Arrigo Barnabé
Por Guga Stroeter
Para: Lilian Amarante/ IstoÉ Gente
São Paulo 07.11.99
Arrigo Barnabé lança este mês o seu CD Clara Crocodilo, gravado ao vivo, contendo novos arranjos para as canções que o tornaram conhecido e que, em suas palavras, apontam para a música do século XXI. O surgimento de Arrigo no cenário da MPB, em 1978, foi comemorado como o vetor de uma nova geração criativa e redentora, que levaria a estrutura da canção popular brasileira um degrau adiante em sua evolução inteligente.
Pois Arrigo conseguira fundir o rigor da composição erudita ao rockn roll, às estórias em quadrinhos, à crônica da urbanidade. Mais do que isso, a juventude aprendia o dodecafonismo de Schöenberg e Stravinsky num formato radiofônico. Um sonho! Um lindo sonho, pois vislumbrou-se a oportunidade da incorporação orgânica de procedimentos restritos à erudição e à vanguarda no cotidiano da sociedade. Nos anos 50, o samba bebeu do cool jazz da Costa Oeste americana, do romantismo de Chopin, e do impressionismo de Debussy, e tivemos a Bossa Nova. Esta, portanto, continha a evolução da música de concerto do século XIX, e soava genial e inédita, injetando informação na alma boa do povo brasileiro.

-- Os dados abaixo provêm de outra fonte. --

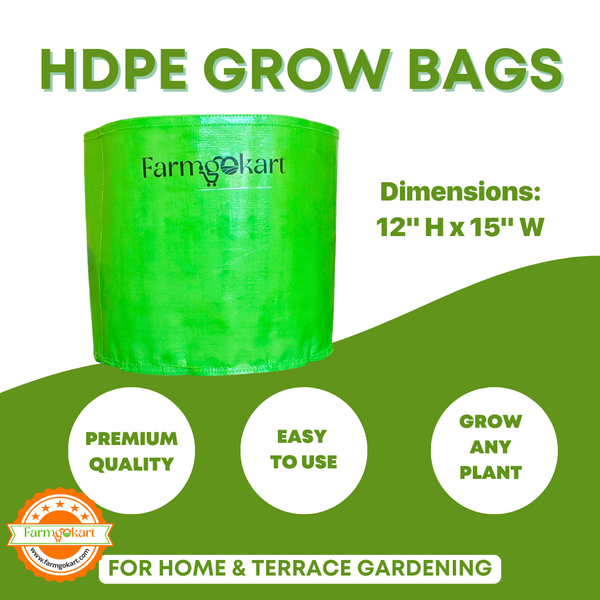 12 INCH (H) x 15 INCH (W) Plants Grow Bags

Quando Arrigo realizou os primeiros concertos com o repertório de Clara Crocodilo, criou-se a fantasia de que o espírito brasileiro estava apto a digerir, em grande escala, uma nova ordem, que nos sintonizaria com a liberdade da audição criativa. Sim, pois o sucesso de uma música criativa pressupõe a existência de ouvintes criativos. Algumas vezes,Arrigo foi vaiado. Num festival organizado por uma emissora de TV, ao cantar Sabor de Veneno, a platéia, enfurecida, vociferava: sabor de merda!. Este era um bom sintoma, pois Caetano havia sido patrulhado com a mesma imbecilidade nos anos 60. Tudo parecia apontar na direção de que o caminho desbravado por Arrigo subverteria o conservadorismo da cultura de massa emergente. Doce ilusão.

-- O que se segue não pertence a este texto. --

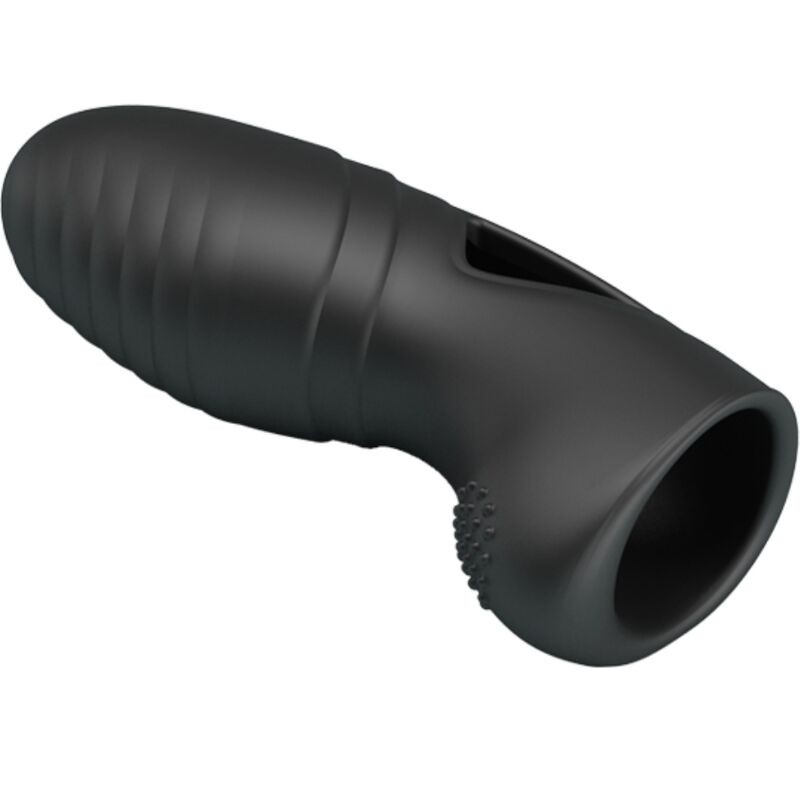 PRETTY LOVE | ALAN | Silicone Finger Vibrator - Black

A inflação aumentou, o primitivo jabá das
rádios profissionalizou-se, e o Fantástico proclamou
o conjunto Blitz como a verdadeira novidade estética da
década. Deu no que deu. Ninguém tem culpa, pois a história
é um processo inclemente, e todos participamos com a mesma parcela
de responsabilidade.Mas, enfim, Clara Crocodilo merece ser ouvido
com atenção. Sem saudosismos, sem rancores, mas com a ternura
que merece toda a obra criada no raro terreno da autenticidade, onde habita
nossa vã, minúscula e ridícula eternidade.